The output should be the listing below, limited to the lines from the one with "Anycubic ABS-Like Resin" through the one with "Nike Air Pegasus", exact and without pictures.

• Material provided:
========

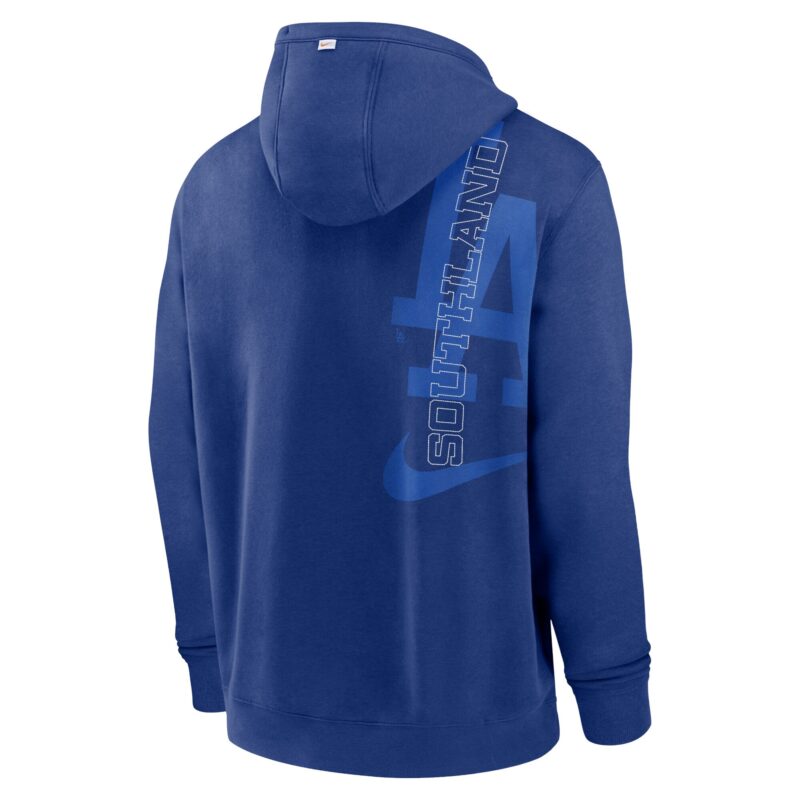 Los Angeles Dodgers Statement Ball Game Pullover Hoodie - Royal - Image 3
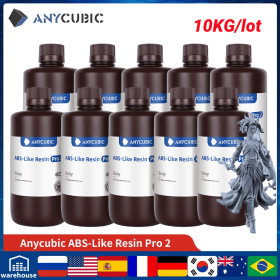 Anycubic ABS-Like Resin Pro 2 3D Printer Rapid UV Curing 405nm Conservation ABS+Upgrade 3D Resin High Precision For LCD Printers (Color: Clear 10 KG)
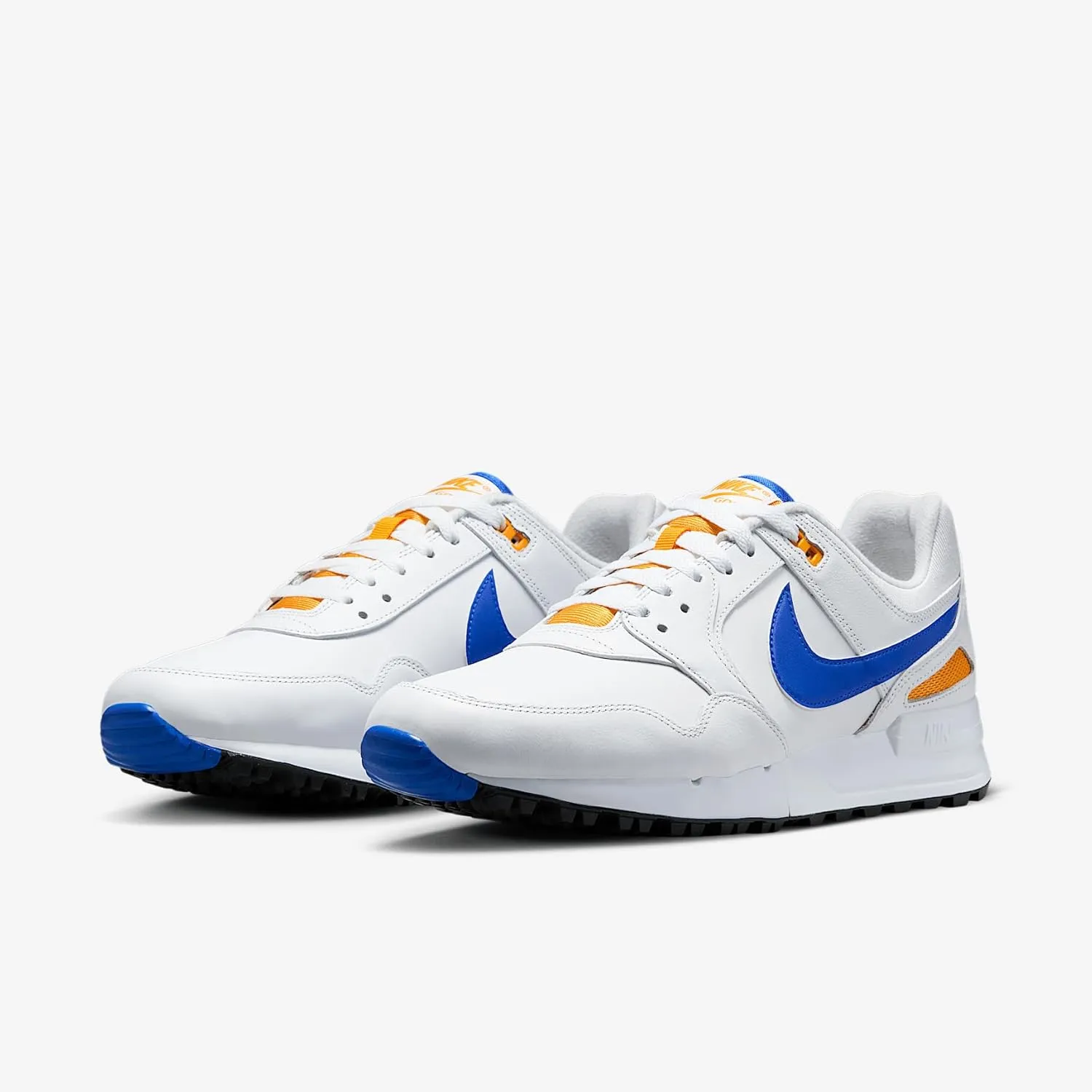 Nike Air Pegasus '89 G Golf Shoes (HV3866-101, White/Orange Peel/Black/Racer Blue)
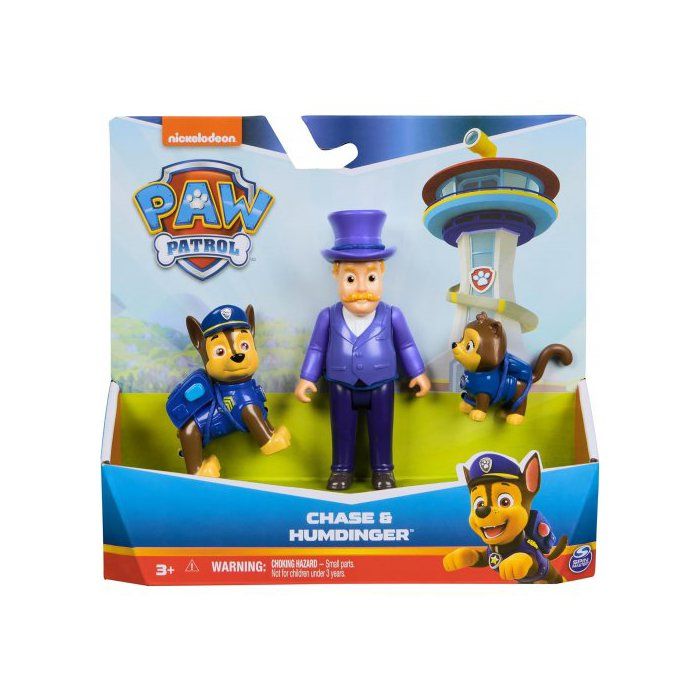 Coffret Pat Patrouille Chien Chase + Monsieur Hellinger - Set 3 Figurines + 1 Carte tigre Coffret Pat Patrouille Chien Chase + Monsieur Hellinger - Set 3 Figurines + 1 Carte tigre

========

• Exercise solution:
 Anycubic ABS-Like Resin Pro 2 3D Printer Rapid UV Curing 405nm Conservation ABS+Upgrade 3D Resin High Precision For LCD Printers (Color: Clear 10 KG)
 Nike Air Pegasus '89 G Golf Shoes (HV3866-101, White/Orange Peel/Black/Racer Blue)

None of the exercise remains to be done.